### Brief:
Find the line with "Fiat 500L 1.3". Transcribe it and each later line of the data exactly, up to and including the last.

Extracted records
= = = =
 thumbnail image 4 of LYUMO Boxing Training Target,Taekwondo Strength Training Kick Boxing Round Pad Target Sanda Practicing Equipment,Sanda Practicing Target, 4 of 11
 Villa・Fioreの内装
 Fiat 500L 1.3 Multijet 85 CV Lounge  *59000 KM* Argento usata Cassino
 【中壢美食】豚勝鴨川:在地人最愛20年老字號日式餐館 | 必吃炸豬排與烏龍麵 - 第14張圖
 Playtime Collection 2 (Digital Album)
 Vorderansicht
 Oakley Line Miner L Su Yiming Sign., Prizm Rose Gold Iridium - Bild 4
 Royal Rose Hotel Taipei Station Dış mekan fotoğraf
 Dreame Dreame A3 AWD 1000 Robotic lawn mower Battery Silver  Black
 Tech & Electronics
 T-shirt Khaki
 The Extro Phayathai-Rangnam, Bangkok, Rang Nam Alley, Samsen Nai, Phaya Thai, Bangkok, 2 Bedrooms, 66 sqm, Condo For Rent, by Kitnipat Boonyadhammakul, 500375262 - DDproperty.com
= = = =
### Solution for this exercise:
 Fiat 500L 1.3 Multijet 85 CV Lounge  *59000 KM* Argento usata Cassino
 【中壢美食】豚勝鴨川:在地人最愛20年老字號日式餐館 | 必吃炸豬排與烏龍麵 - 第14張圖
 Playtime Collection 2 (Digital Album)
 Vorderansicht
 Oakley Line Miner L Su Yiming Sign., Prizm Rose Gold Iridium - Bild 4
 Royal Rose Hotel Taipei Station Dış mekan fotoğraf
 Dreame Dreame A3 AWD 1000 Robotic lawn mower Battery Silver  Black
 Tech & Electronics
 T-shirt Khaki
 The Extro Phayathai-Rangnam, Bangkok, Rang Nam Alley, Samsen Nai, Phaya Thai, Bangkok, 2 Bedrooms, 66 sqm, Condo For Rent, by Kitnipat Boonyadhammakul, 500375262 - DDproperty.com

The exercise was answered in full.